3. Legislation and Indigenous Corporations

3.2. Business structures

Different business structures come with different advantages and disadvantages and can determine:

·       the licences required

·       how much tax is paid

·       whether you're considered an employee, or the owner of the business

·       your potential personal liability

·       how much control you have over the business

·       ongoing costs and volume of paperwork for the business.

The Australian Taxation Office (ATO) gives the following outlines for some commonly used business structures for organisations in Australia:

https://www.ato.gov.au/businesses-and-organisations/starting-registering-or-closing-a-business/starting-your-own-business/business-structures-key-tax-obligations

Some of the most common structures include:

Partnership

A partnership is a group or association of people who carry on a business and distribute income or losses between themselves. For example, if you and a friend or family member decide to set up a business together, you might operate it as a partnership. In a partnership the partners:

·       share income, losses and control of the business

·       may choose whether or not to have a written partnership agreement. This is not essential for a partnership to exist, but is a good idea as this can help prevent misunderstandings and disputes about what each partner brings to the partnership, and what they are entitled to receive from the income of the business

·       are not employees, but the partnership might also employ other workers

·       are responsible for their own superannuation arrangements. However, the partnership is required to pay superannuation for its employees.

Trust

Setting up a trust can be expensive as a formal deed is required outlining how the trust will operate and there are formal yearly administrative tasks for the trustee.

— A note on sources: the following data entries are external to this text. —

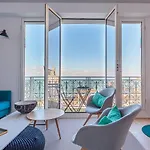 Altaya With Balcony And Sea View In 아파트 비아히쯔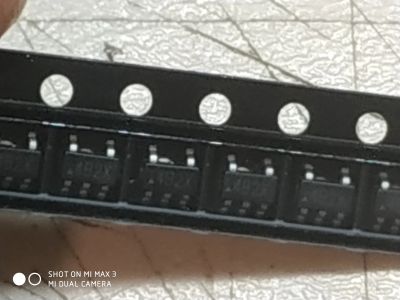 Лот: 17079906. Фото: 1. Стабилизатор напряжения XC6204B332MR... Микросхемы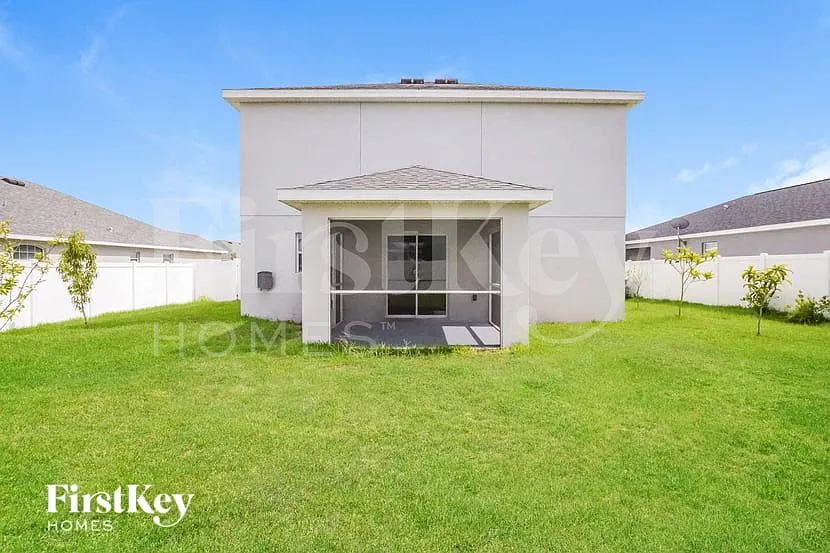 4 bed, 3.5 bath, 2164 sqft, $3,020 — Photo 3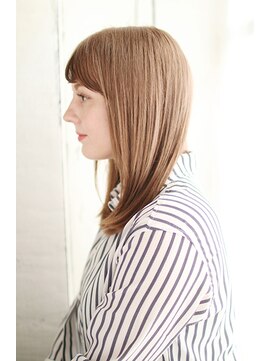 シュシュット(chouchoute) 吉祥寺3分/透明感セクションカラー外ハネボブペールベージュ/056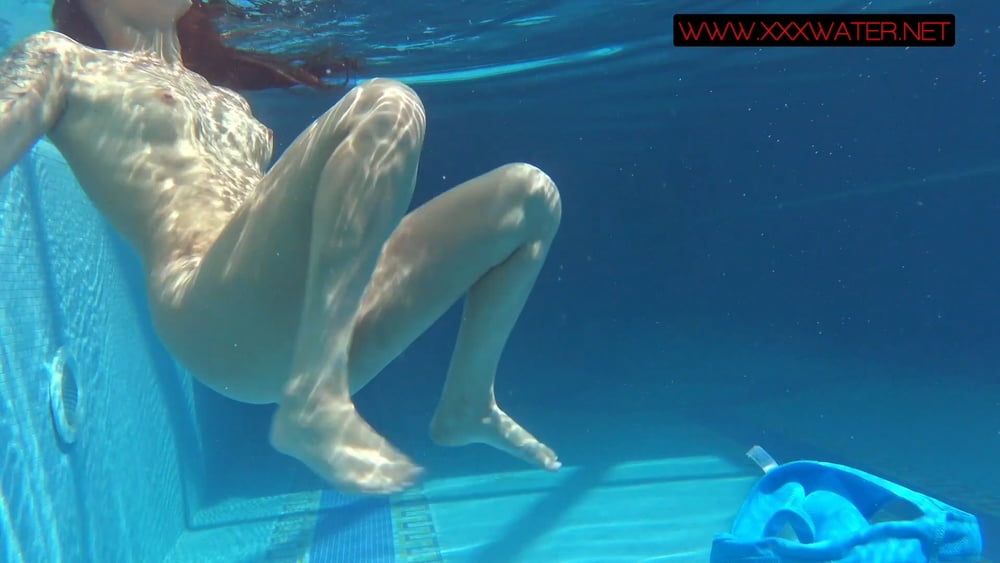 Mia Ferrari Underwater Swimming Pool Erotics #9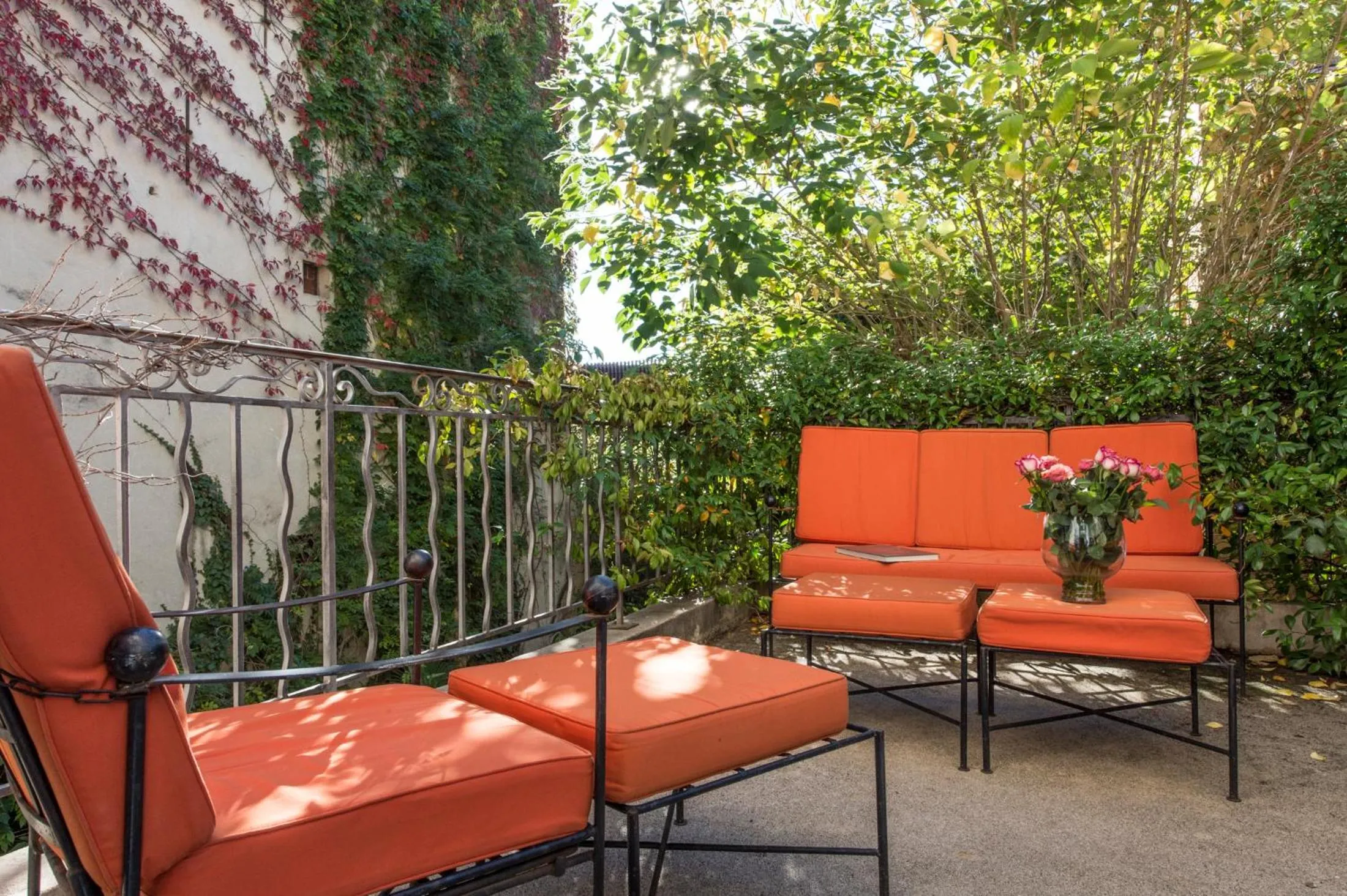 Patio in Hôtel Particulier Le 28 - Spa & Art Luxury Design by Alain Ducasse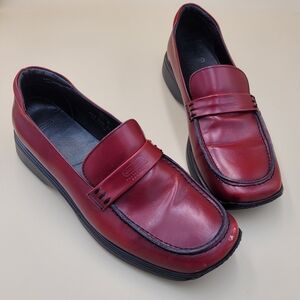 COACH Red Leather Square Toe Loafer Shoes Vintage  8.5 Women's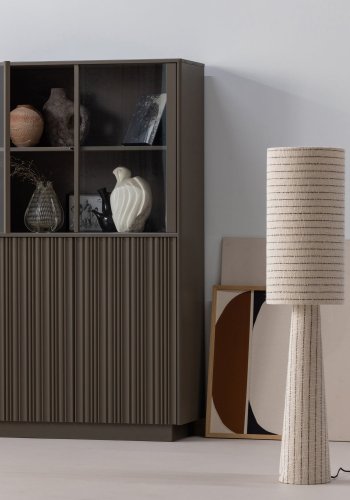 WOOOD Nova Lavt Vitrineskap Furu Tr�ffelbrun [Fsc]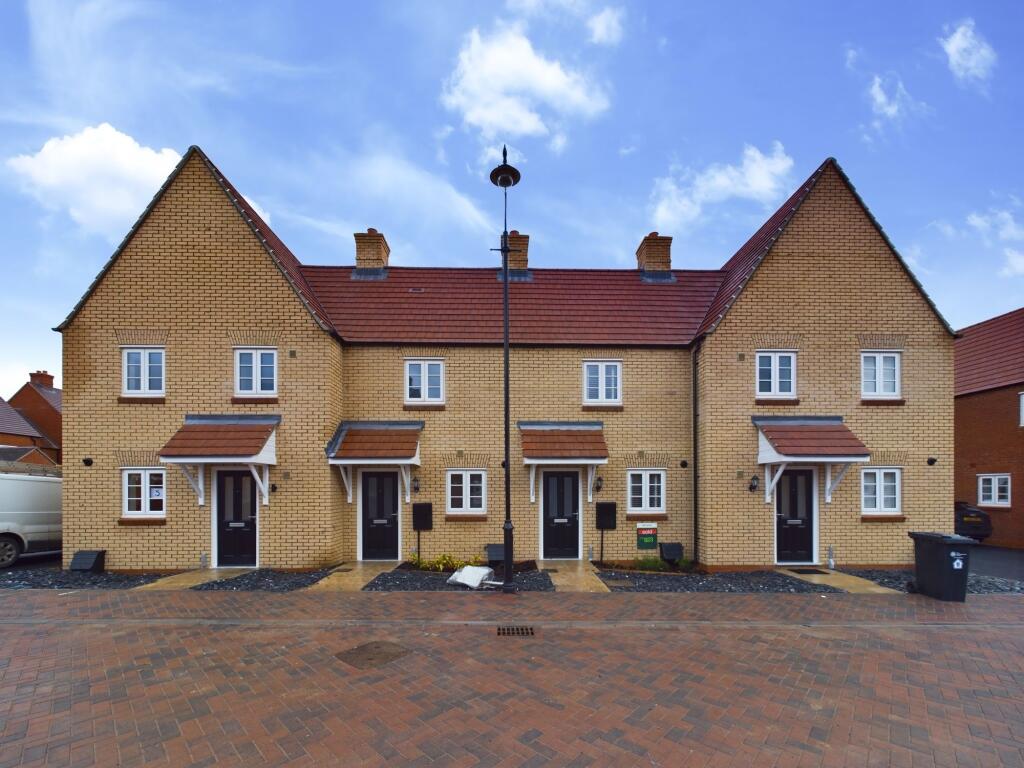 2 bed Mid Terraced House for rent in . From Towcester Homes - Towcester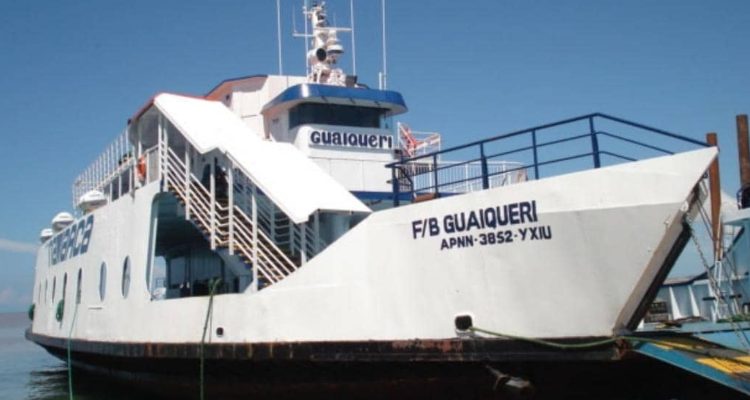 El ferri Guaiquerí está encallado en Punta de Piedras, estado Nueva Esparta desde este lunes 1 Ferri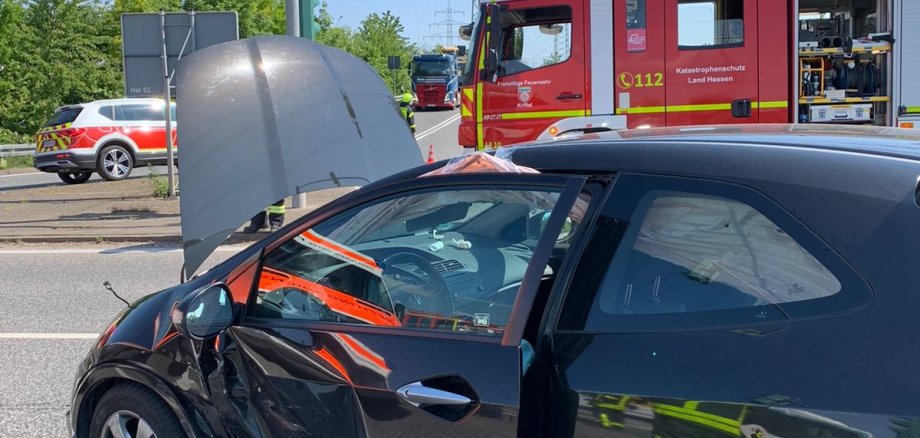 Ein vorne stark eingedelltes Auto auf der Landstraße zwischen Kriftel Hattersheim.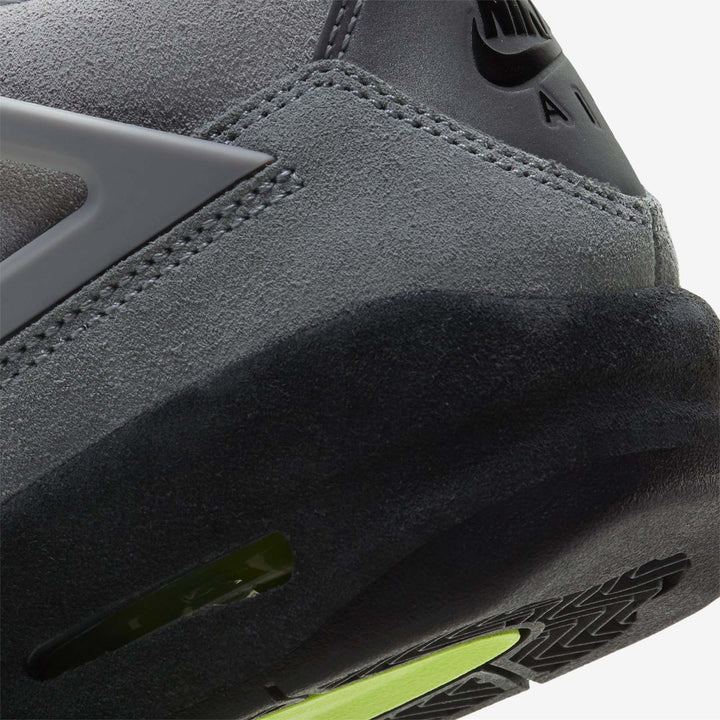 AIR JORDAN 4 RETRO SE GS &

A trustee is legally responsible for the operation of the trust. The trustee can be an individual or a company. Profits from the trust go to beneficiaries.

Company

A company is a legal entity with higher set-up and administration costs. Companies also have additional (ATO) reporting requirements.

A company:

·       is run by its directors and owned by its shareholders

·       is owned by its shareholders and protects them from liabilities incurred by the company

·       provides some asset protection, to its directors but they can be legally liable for their actions and in some cases, the debts of the company

·       is regulated by the Australian Securities & Investments Commission (ASIC).

Indigenous community organisations are usually set up as a company, under an incorporation structure.